# Exercise:
In the listing that follows, find the line with "So make sure that really", then copy exactly from it through the line with "Select the disk", leaving out every picture.
- - -
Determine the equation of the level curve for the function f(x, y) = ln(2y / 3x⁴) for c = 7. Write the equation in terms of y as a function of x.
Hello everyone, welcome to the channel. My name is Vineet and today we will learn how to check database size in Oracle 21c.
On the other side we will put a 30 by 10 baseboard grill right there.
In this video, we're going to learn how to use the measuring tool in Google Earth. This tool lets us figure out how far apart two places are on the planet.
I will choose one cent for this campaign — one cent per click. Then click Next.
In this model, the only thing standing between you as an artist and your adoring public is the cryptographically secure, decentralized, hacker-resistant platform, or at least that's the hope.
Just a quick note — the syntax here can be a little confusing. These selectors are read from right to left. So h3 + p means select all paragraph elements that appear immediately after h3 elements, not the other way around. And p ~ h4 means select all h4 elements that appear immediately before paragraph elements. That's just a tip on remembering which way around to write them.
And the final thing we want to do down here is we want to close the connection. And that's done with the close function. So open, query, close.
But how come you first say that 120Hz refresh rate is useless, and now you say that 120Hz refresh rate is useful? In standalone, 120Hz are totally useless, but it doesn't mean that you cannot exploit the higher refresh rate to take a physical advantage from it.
- - -
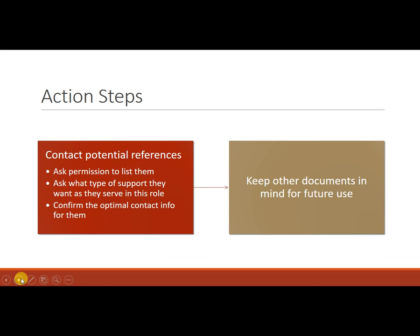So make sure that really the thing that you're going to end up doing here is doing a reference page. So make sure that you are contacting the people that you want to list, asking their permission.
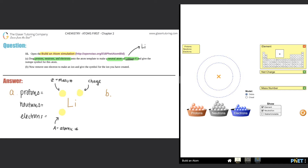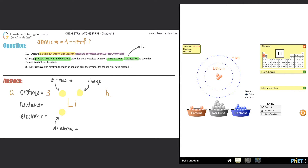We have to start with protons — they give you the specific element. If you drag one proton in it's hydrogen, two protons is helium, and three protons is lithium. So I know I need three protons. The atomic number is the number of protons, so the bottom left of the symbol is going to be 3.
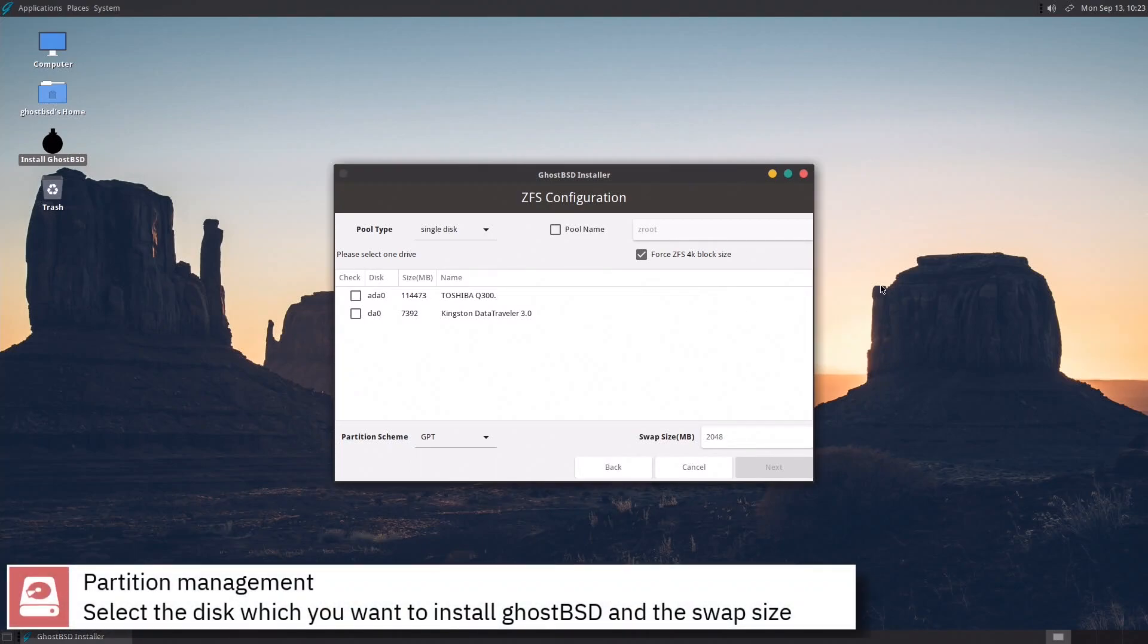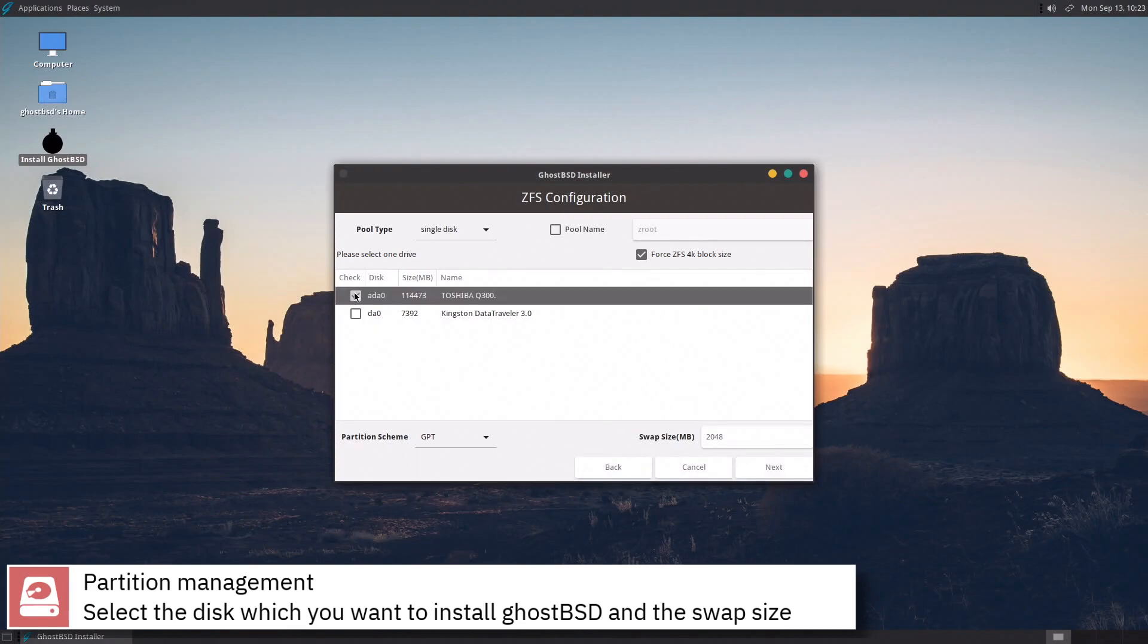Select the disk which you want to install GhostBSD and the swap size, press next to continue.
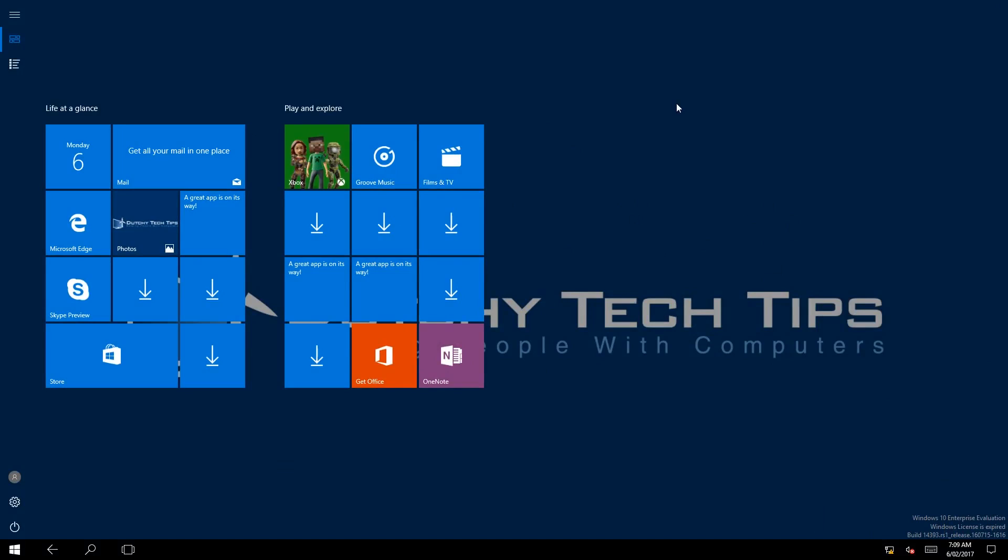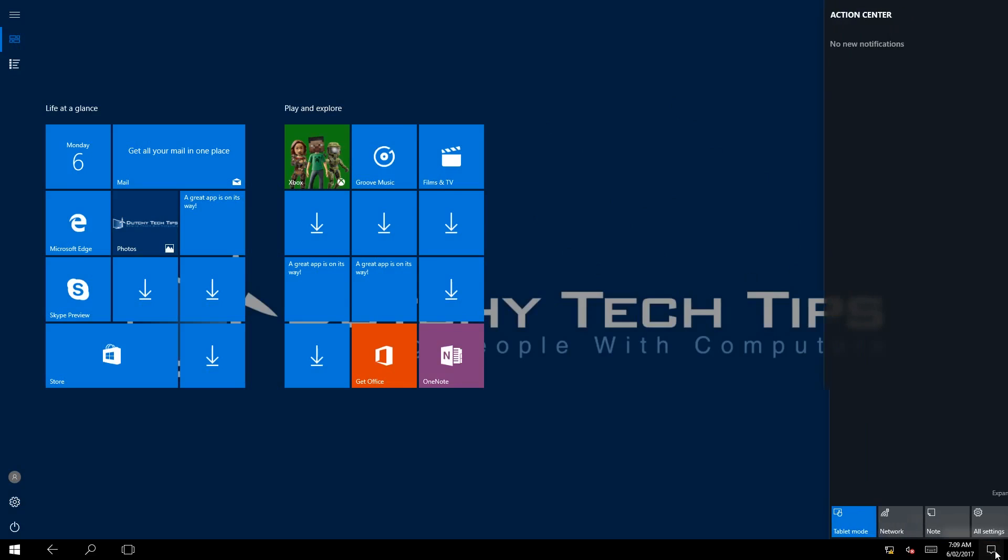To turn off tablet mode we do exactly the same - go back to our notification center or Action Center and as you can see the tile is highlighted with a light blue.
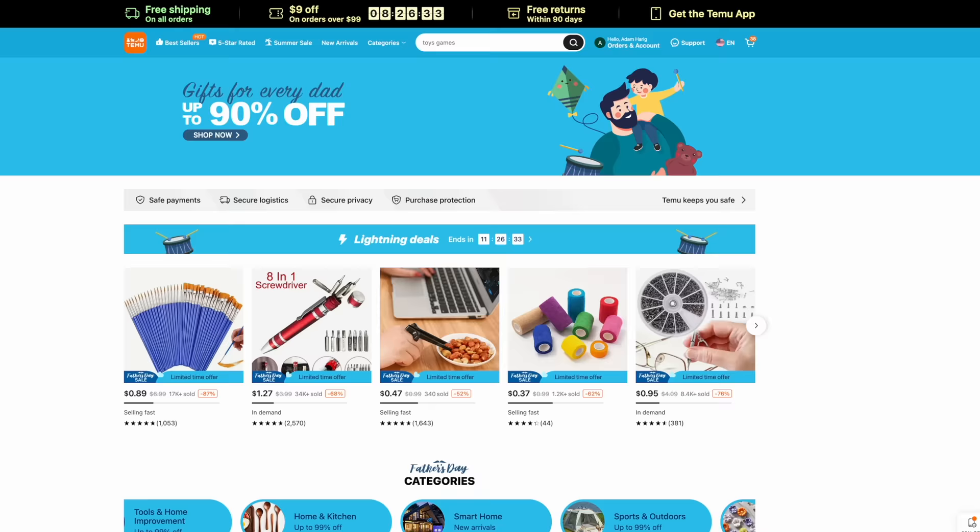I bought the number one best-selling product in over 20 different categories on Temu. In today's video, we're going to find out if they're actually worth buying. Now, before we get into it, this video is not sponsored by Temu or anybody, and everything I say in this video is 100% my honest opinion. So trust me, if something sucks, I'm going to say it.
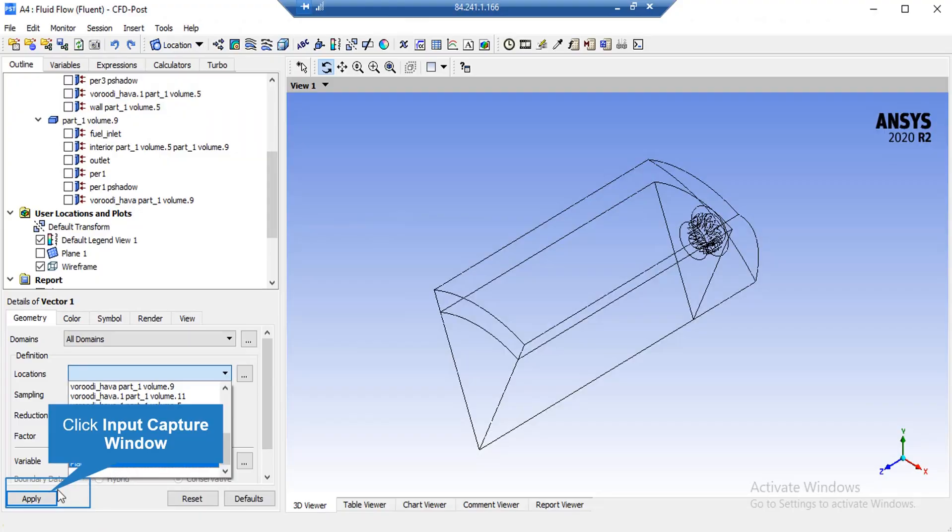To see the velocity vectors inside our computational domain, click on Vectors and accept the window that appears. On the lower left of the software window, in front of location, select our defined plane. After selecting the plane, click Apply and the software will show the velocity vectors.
- - -
# Your solution:
So make sure that really the thing that you're going to end up doing here is doing a reference page. So make sure that you are contacting the people that you want to list, asking their permission.
We have to start with protons — they give you the specific element. If you drag one proton in it's hydrogen, two protons is helium, and three protons is lithium. So I know I need three protons. The atomic number is the number of protons, so the bottom left of the symbol is going to be 3.
Select the disk which you want to install GhostBSD and the swap size, press next to continue.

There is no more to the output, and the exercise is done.